- **ASSIGNED TASK**: Your answer should hold exactly the lines below from the line with "Magical princess-cat with" through the line with "Liquid Silicone Magnetic", both included, and no pictures at all.

- **GIVEN ENTRIES**:
======
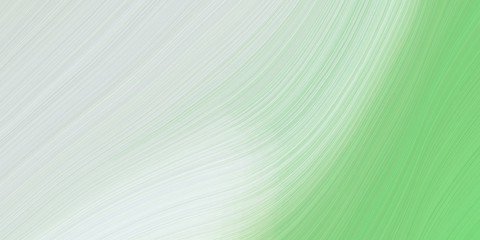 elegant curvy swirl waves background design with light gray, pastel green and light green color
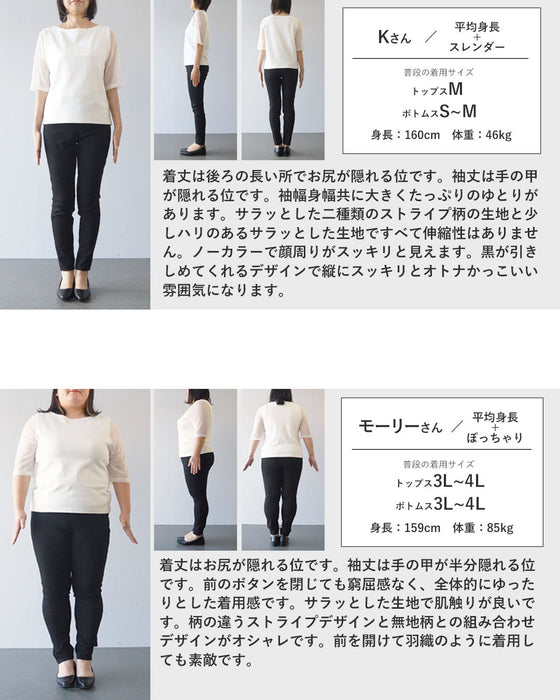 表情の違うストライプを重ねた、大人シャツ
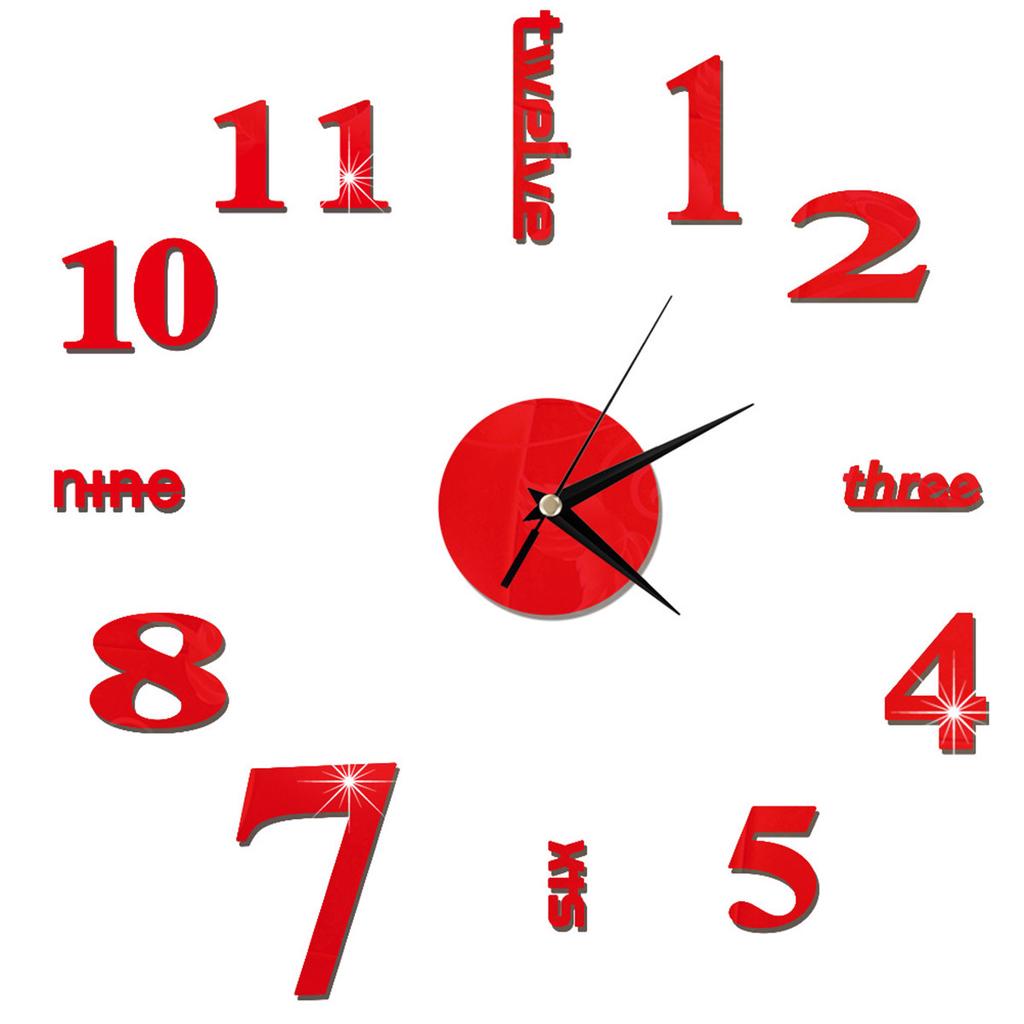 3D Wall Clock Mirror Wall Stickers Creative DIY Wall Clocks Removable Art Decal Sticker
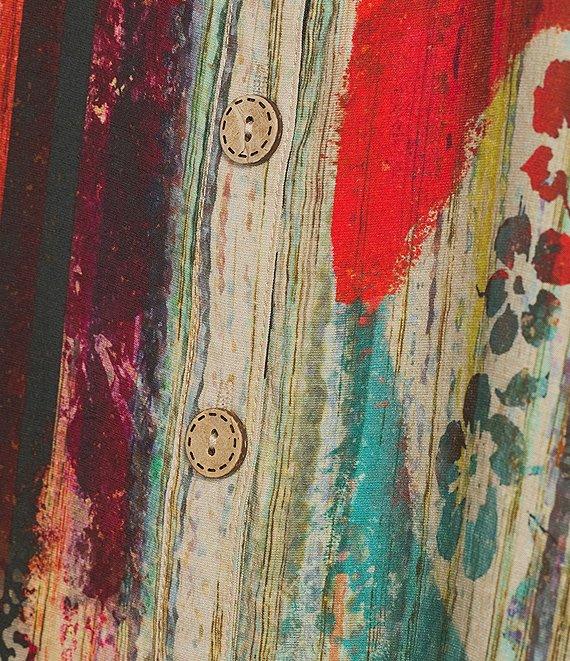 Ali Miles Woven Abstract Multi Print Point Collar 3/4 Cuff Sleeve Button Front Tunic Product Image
======
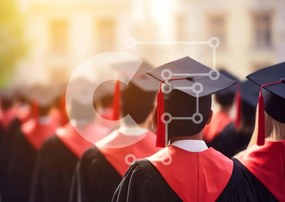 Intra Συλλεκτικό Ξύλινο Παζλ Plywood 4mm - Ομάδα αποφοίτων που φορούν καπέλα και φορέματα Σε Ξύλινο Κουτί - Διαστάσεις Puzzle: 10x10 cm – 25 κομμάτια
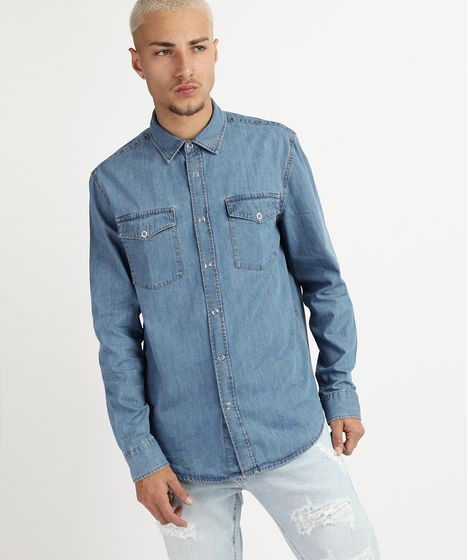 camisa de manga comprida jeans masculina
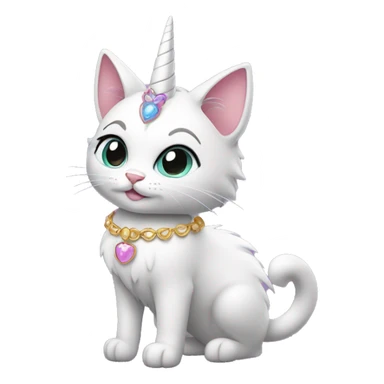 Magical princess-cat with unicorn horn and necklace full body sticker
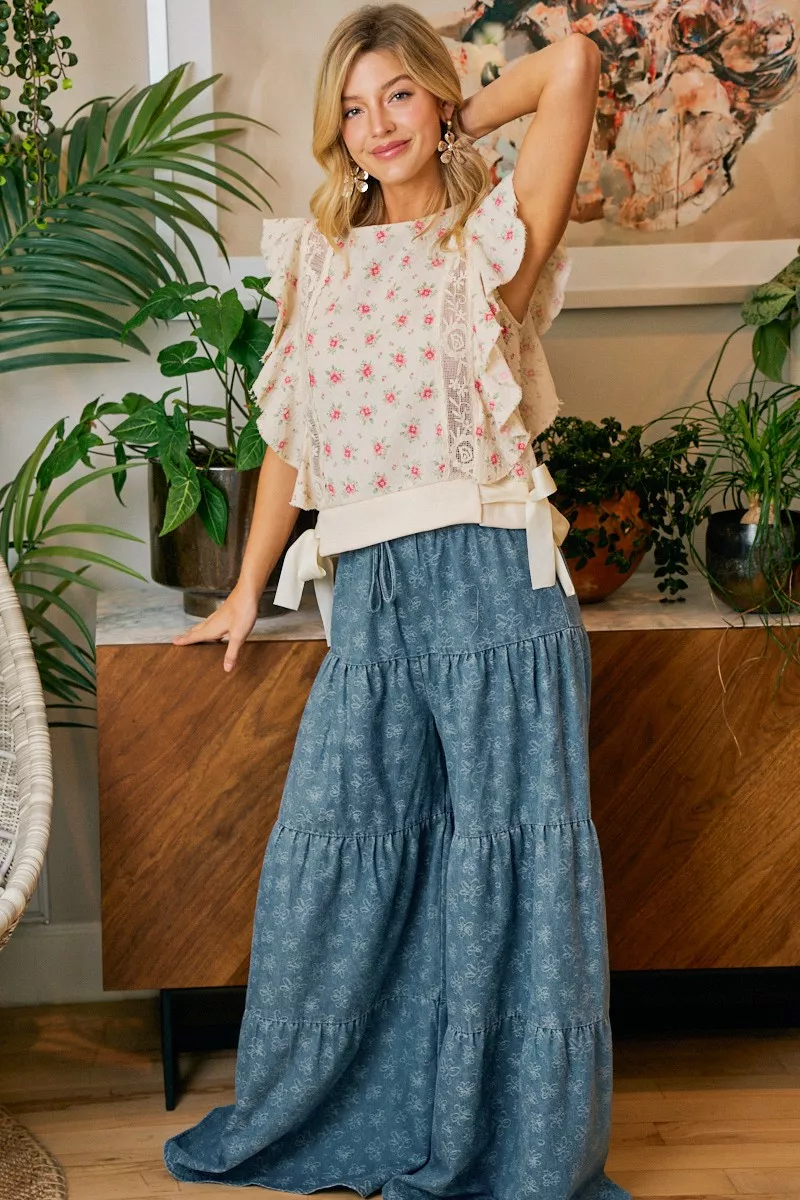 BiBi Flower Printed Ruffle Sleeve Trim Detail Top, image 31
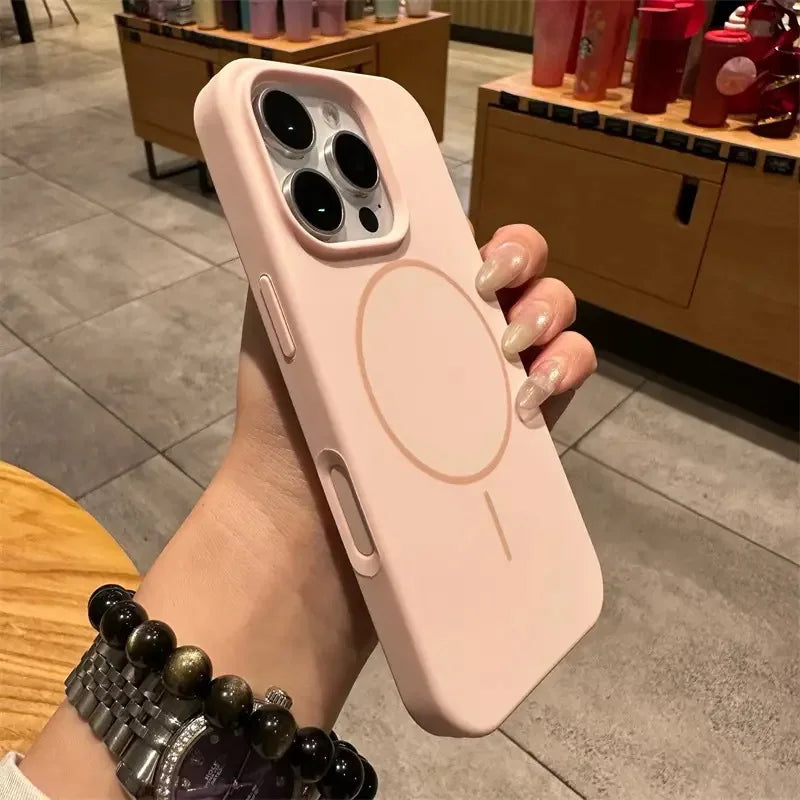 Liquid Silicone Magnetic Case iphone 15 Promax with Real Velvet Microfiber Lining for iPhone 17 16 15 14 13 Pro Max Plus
======
- **EXERCISE OUTPUT**:
 Magical princess-cat with unicorn horn and necklace full body sticker
 BiBi Flower Printed Ruffle Sleeve Trim Detail Top, image 31
 Liquid Silicone Magnetic Case iphone 15 Promax with Real Velvet Microfiber Lining for iPhone 17 16 15 14 13 Pro Max Plus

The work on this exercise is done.